Description of the task -> Would you please copy the part of the material below that opens with the line containing "Vila Baka Ksamil" and closes with the line containing "Phán quyết ly"? Copy it exactly, and only it.

Material for this task ->
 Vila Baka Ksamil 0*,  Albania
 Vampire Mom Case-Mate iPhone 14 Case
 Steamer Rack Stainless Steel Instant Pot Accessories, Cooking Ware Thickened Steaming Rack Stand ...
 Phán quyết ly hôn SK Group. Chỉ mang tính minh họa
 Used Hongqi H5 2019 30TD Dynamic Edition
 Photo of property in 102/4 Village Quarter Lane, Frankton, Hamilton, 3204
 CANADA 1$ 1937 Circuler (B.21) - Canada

* * *

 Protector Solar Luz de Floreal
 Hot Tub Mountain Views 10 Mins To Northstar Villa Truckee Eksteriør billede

Answer to this task ->
 Vila Baka Ksamil 0*,  Albania
 Vampire Mom Case-Mate iPhone 14 Case
 Steamer Rack Stainless Steel Instant Pot Accessories, Cooking Ware Thickened Steaming Rack Stand ...
 Phán quyết ly hôn SK Group. Chỉ mang tính minh họa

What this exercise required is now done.